Mario, Goomba, Peach, and Bowser competing in the Trike Harder minigame. The player must rotate the Joy-Con in a way similar to pedaling a bike.

Super Mario Party returns to the traditional turn-based Mario Party-style of gameplay for the first time in over a decade. This format had remained absent from home console entries since Mario Party 9. The game is played with one Joy-Con controller per player, with other players needing additional controllers for multiplayer. In the game's story, Mario and his friends hold a party to determine who should be the Super Star. Bowser appears, with Bowser Jr. and his minions, arguing that any of them could also be the Super Star. Toad, Toadette and Kamek (the latter at Bowser's behest) are appointed as judges and the party begins.

The standard game mode, "Mario Party", features up to four players taking turns independently navigating the game board. Upon the player's turn, a dice block is rolled to determine how many spaces the player moves on the board, and items collected can be used to alter how many spaces the player can move. Each space has a unique function, such as blue and red spaces giving and taking three coins respectively, and good luck and bad luck spaces granting the player helpful or unhelpful consequences.

After each player takes their turn, everyone competes in a minigame that awards coins based on their placement. Minigames vary with rules and playstyle, such as 4-player free-for-alls, 2-on-2 or 1-on-3 matchups, or utilizing motion controls or HD Rumble. There are 80 minigames in total across all game modes where the objects are colored according to Mario Party 7s color code, and they can all be played independently of the game board in the Free Play section.

One star is located in a random location at a time; any player who reaches it can spend ten coins to purchase it. The player who has the most stars and coins by the end of the game wins. Coins can additionally be spent on one-use items to give the player certain advantages on the board, such as adding to one's own dice roll, subtracting from another player's dice roll, or using a golden pipe to be taken directly to the star.

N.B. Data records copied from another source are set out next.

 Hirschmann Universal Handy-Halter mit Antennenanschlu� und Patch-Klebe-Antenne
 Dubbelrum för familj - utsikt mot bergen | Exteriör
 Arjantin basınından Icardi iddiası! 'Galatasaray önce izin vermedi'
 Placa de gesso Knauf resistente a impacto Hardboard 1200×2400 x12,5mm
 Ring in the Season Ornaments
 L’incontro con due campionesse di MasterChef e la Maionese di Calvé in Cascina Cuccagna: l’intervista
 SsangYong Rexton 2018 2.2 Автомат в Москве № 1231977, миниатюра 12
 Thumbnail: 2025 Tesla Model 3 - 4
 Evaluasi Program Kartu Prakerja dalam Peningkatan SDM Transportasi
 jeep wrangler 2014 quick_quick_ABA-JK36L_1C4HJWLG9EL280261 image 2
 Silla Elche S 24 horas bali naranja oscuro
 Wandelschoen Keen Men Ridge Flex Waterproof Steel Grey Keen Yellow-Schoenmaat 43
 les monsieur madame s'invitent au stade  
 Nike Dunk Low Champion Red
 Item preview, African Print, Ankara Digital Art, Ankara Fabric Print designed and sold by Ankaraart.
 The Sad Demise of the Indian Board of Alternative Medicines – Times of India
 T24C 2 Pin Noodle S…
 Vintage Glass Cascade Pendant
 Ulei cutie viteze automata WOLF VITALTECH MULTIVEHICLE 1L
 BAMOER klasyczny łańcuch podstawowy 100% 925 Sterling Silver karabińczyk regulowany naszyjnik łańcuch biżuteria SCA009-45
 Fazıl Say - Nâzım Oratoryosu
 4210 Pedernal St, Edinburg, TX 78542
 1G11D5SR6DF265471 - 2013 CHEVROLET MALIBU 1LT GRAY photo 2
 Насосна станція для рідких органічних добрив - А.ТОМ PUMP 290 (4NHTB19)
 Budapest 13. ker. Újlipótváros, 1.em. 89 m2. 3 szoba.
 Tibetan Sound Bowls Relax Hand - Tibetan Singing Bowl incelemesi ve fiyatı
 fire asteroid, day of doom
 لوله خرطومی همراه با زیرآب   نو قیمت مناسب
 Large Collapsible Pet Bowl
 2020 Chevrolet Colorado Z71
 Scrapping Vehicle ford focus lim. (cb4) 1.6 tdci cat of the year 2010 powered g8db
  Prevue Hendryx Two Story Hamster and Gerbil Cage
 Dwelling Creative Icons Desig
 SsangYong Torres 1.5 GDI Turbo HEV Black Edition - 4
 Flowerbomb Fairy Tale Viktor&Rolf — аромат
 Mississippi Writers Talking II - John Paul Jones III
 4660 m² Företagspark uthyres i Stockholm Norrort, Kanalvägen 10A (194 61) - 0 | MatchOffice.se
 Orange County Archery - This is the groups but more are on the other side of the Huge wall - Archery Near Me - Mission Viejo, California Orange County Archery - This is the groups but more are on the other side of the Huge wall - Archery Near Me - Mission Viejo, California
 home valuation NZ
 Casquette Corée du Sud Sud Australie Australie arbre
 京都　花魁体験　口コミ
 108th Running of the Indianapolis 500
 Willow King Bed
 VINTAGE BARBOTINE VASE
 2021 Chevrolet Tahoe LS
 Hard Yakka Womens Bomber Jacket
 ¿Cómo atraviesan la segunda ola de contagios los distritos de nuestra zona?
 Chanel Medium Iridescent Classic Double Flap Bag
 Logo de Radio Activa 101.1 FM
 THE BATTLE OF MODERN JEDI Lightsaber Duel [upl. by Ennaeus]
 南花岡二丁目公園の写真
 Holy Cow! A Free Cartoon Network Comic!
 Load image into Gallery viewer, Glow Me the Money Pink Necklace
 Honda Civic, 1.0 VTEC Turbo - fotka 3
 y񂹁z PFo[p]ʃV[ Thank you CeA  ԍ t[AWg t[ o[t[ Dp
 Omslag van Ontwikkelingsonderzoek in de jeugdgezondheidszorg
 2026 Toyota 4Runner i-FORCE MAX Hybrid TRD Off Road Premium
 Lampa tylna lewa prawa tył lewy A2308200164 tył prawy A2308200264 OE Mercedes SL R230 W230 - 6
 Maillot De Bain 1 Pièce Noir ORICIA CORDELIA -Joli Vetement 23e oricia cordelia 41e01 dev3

One major difference compared to previous home console entries is the introduction of character-specific dice blocks: each character has a unique alternative dice block that has a different selection of numbers compared to the standard dice block, including a slightly higher chance of 3's (Mario), rolling only even numbers (Peach), and having a decent chance for a high roll but an equally likely chance to lose coins (Bowser). Another major difference is the incorporation of the ally system from the Nintendo 3DS game Mario Party: Star Rush, wherein each player can recruit up to three allies from the roster. These allies can add additional rolls to the player's dice block, lend the player their character-specific dice block for the duration of the game, and appear as assistance in some of the minigames.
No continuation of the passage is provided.